According to the preferred embodiment of the '556 patent, circulation of the drilling fluid is interrupted as the sensors in the drill string are activated for the registration of sound signals discharged from the seismic source. In the following 60-120 seconds the memory and calculation unit will acquire all signals from the sensors in the drill string. The signals contain both the transmitted and the reflected waveforms. The sources must be discharged within a fixed interval of time. After this time interval, the content of the memory unit is copied to the calculation unit and is processed to determine the number of shots, the mean arrival time, and the mean amplitude of the first arrived signals. This information may be returned to the surface using MWD telemetry while the drilling fluid is put into circulation again. Alternatively, the information may be stored in memory and retrieved when the tool is tripped out of the borehole.

A disadvantage of the method disclosed by the '556 patent is that there is no disclosed method of communicating with the downhole tool to indicate to the downhole tool that VSP shots are commencing. Since the downhole data acquisition is non-discriminatory when circulation is stopped, i.e., most of the data recorded does not include useful signal information; the downhole tool continuously receives and stores acoustic waveforms without any disclosed discrimination. Since MWD telemetry has a very small bandwidth, e.g., one bit per second, transmission of useless information can delay the transmission of valuable data from other LWD tools. Ultimately, time is wasted and since the cost of rig time, particularly offshore rig time, is extremely expensive, time is of the essence when acquiring downhole measurement information. Moreover, while it is possible to store all of the acquired data in downhole memory, most of the memory will be wasted and the tool will need to be withdrawn more frequently than desired.

U.S. Pat. No. 5,579,283 describes a method and apparatus for communicating coded messages in a well bore. The method uses transmitting and receiving apparatus that are in contact with the well bore fluid to send coded pressure pulses to downhole tools. A disadvantage of the method described by the '283 patent is that the communication technique alters the operating state of the downhole tool.

Thus, there remains a need for a technique to communicate with a downhole tool in an efficient manner that discriminates between signal data, representative of a true signal originating from a selected signal source, and useless data.

It is therefore an object of the invention to provide methods and apparatus for improved communication with a downhole tool from a signal source located uphole or at a remote location.

It is also an object of the invention to provide methods and apparatus for acquiring signal data in a downhole tool which discriminates between data representative of a true source signal and useless data.

It is another object of the invention to provide methods for making VSP measurements which are better and more time efficient than the prior methods.

It is still another object of the invention to provide methods for instructing a downhole tool to perform a specific action or process by means of effective communication.

In accord with these objects which will be discussed in detail below, the apparatus of the present invention includes uphole and downhole equipment.

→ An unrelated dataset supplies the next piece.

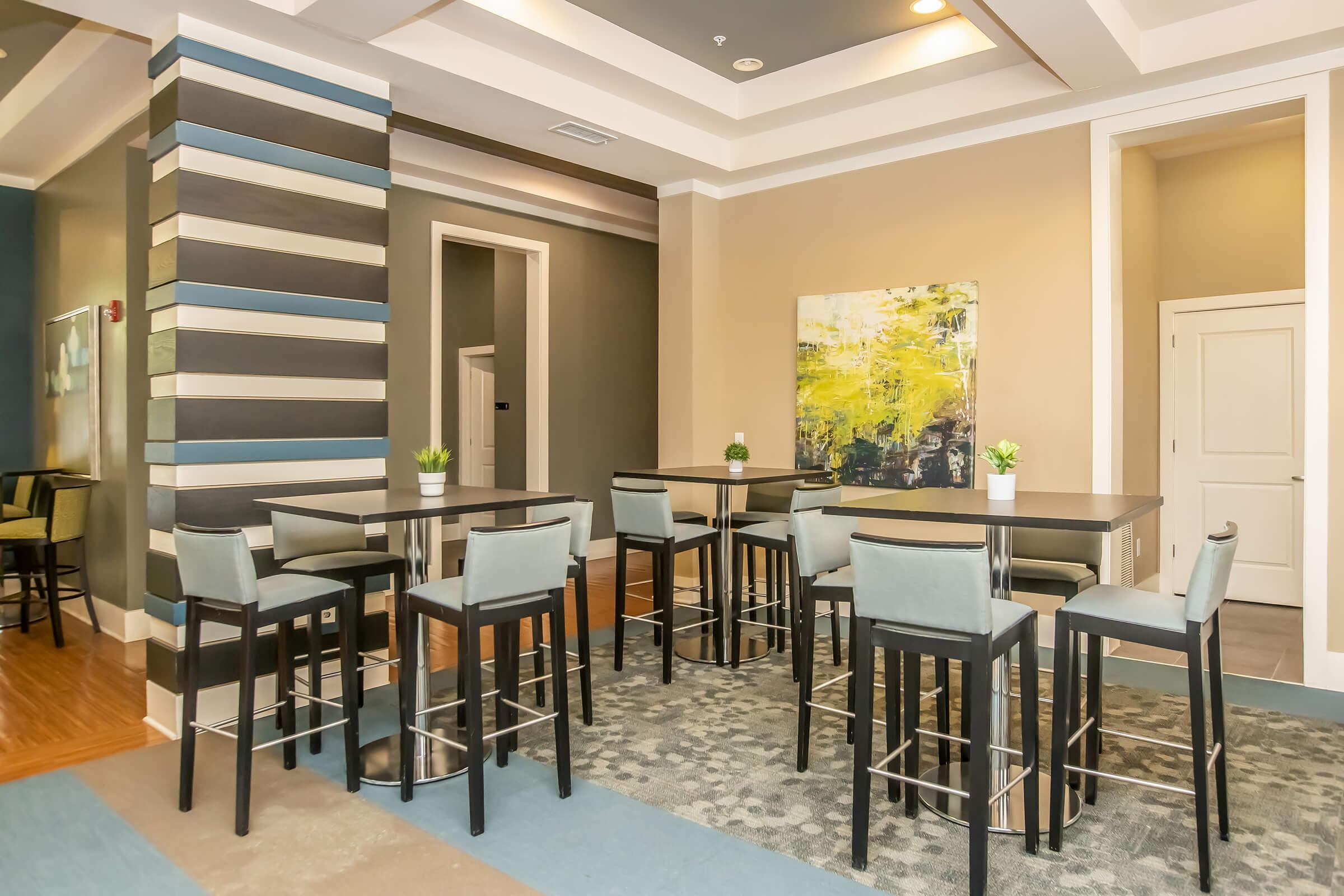 A modern, well-lit dining area featuring tall black tables with light blue chairs. The space includes a decorative plant on each table and has contemporary wall art with bright colors. The background showcases neutral walls and a multi-striped pillar, creating a stylish ambiance.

The uphole equipment includes a signal source, such as a seismic source, (or array) coupled to a programmable triggering or firing system and a clock. Optionally, the uphole equipment may include receivers (such as acoustic receivers) for capturing reference signals near the source and may include telemetry equipment for receiving MWD signals from the downhole equipment. The downhole equipment includes one or more receivers, preferably acoustic receivers, signal processing equipment, memory, and a clock. Optionally, the downhole equipment may also include other sensors such as flow sensors and motion sensors, as well as MWD telemetry equipment for transmitting data to the surface.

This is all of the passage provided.